(Supplied data Opens)
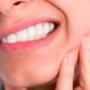 Odontología estética (blanqueamiento, carillas, limpieza dental)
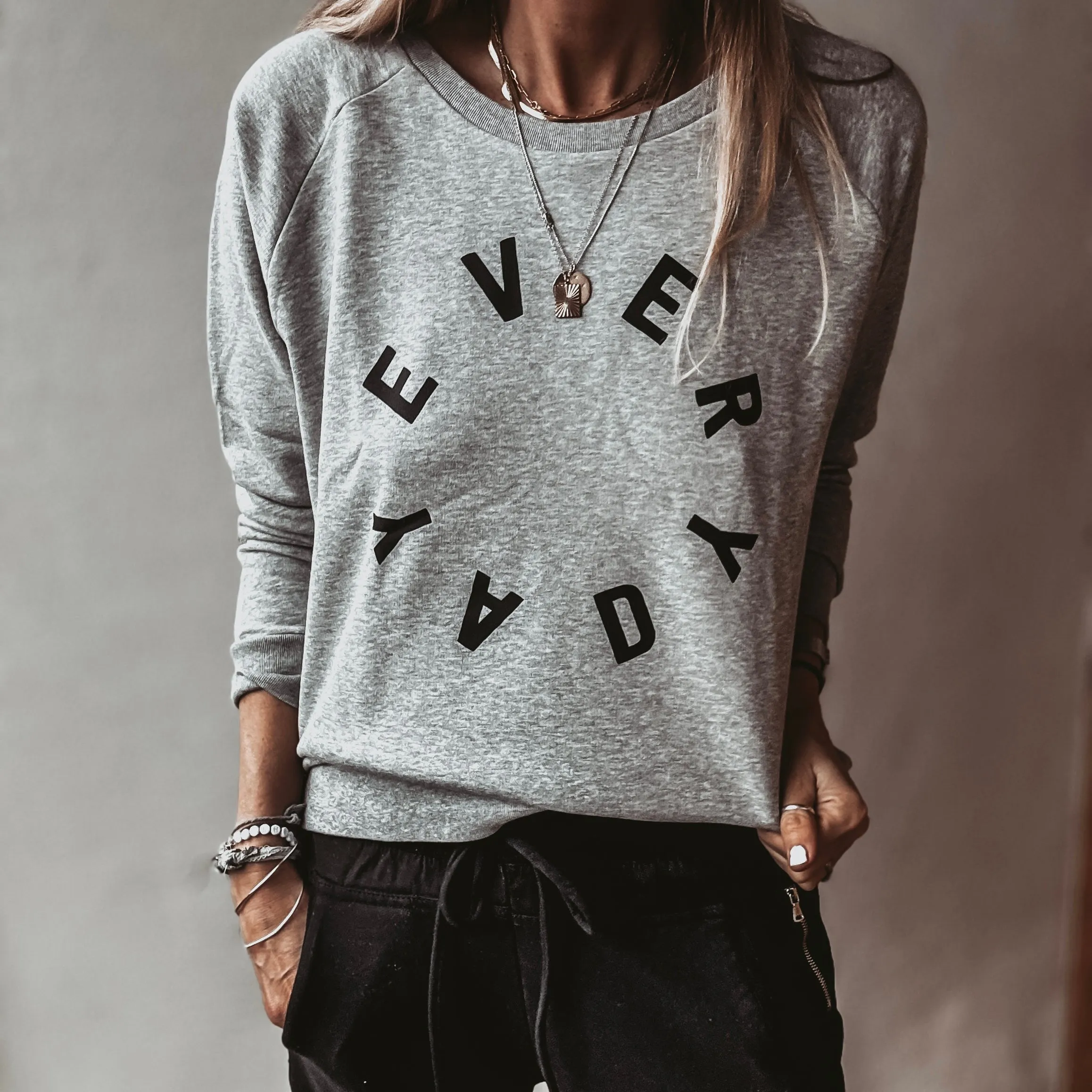 The EVERYDAY GREY sweatshirt *relaxed style* NEW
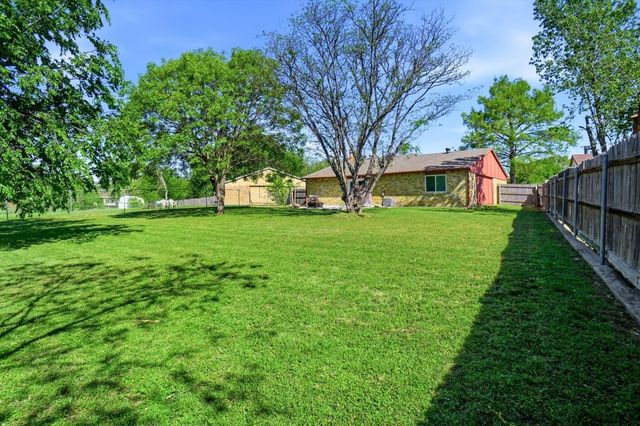 2358 Honeycomb Court, Fort Worth, TX 76131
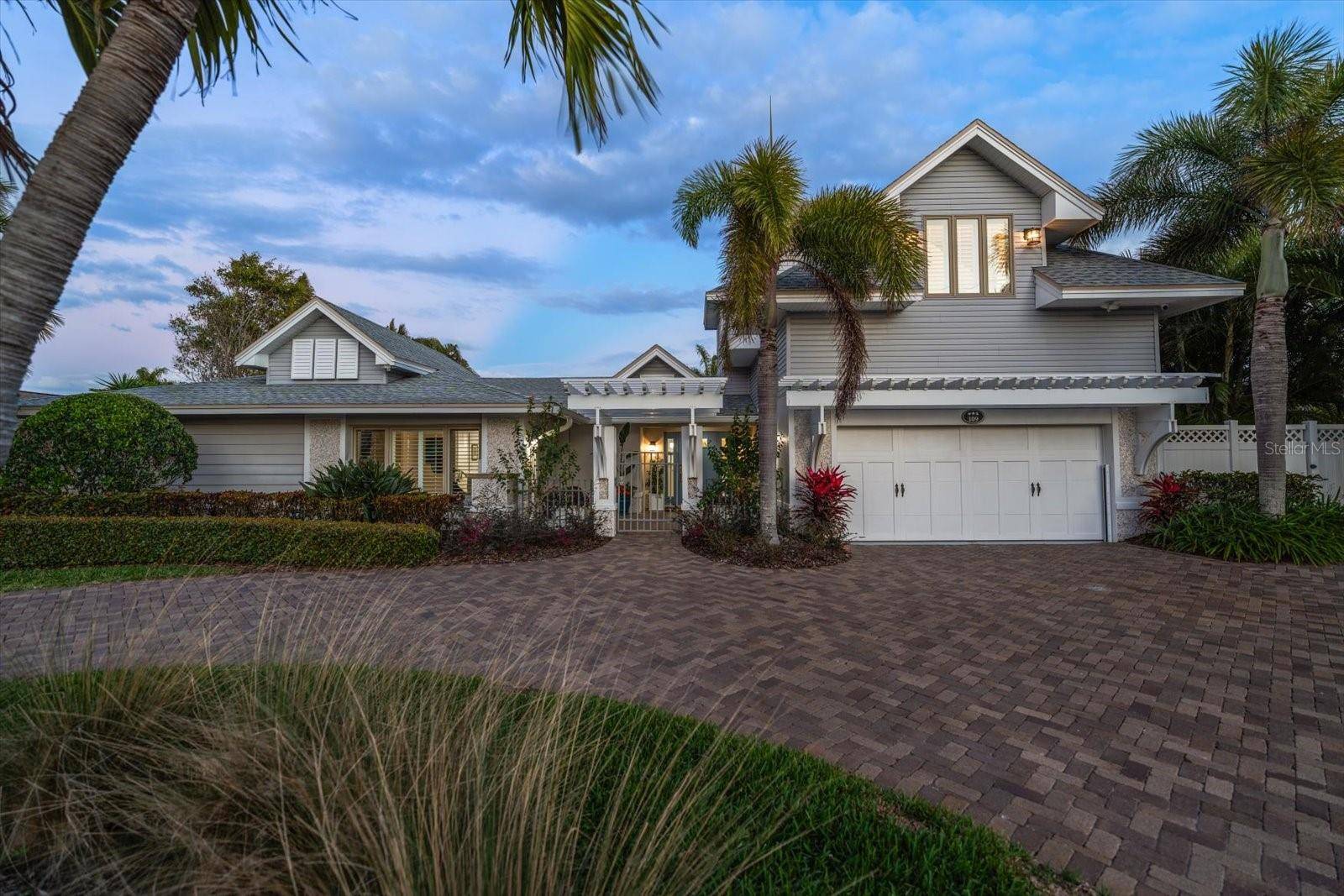Under contract accepting backup offers.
(Supplied data Closes)
Exercise :: From the line holding "The EVERYDAY GREY" through the last line of the material above, each line should be written out exactly, both included; omit the pictures.

Task solution ::
 The EVERYDAY GREY sweatshirt *relaxed style* NEW
 2358 Honeycomb Court, Fort Worth, TX 76131
Under contract accepting backup offers.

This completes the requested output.